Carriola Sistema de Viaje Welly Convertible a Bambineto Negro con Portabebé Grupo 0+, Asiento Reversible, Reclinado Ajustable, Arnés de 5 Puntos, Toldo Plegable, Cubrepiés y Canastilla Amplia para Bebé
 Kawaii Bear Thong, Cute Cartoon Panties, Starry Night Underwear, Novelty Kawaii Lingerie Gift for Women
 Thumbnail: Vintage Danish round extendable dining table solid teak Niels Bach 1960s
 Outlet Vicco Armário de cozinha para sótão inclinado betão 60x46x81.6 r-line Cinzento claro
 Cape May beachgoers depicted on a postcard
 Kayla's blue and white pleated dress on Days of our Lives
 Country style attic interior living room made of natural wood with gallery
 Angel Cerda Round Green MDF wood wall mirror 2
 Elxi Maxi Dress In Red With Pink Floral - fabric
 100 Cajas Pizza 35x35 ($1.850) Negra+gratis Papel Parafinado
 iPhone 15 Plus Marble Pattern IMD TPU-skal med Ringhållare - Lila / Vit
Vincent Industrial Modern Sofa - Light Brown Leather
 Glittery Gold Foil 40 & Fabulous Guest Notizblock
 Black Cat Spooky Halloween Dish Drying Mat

§ Your objective:
Wherever the word "wood" appears in the listing above, copy the whole line.

§ Output below:
 Country style attic interior living room made of natural wood with gallery
 Angel Cerda Round Green MDF wood wall mirror 2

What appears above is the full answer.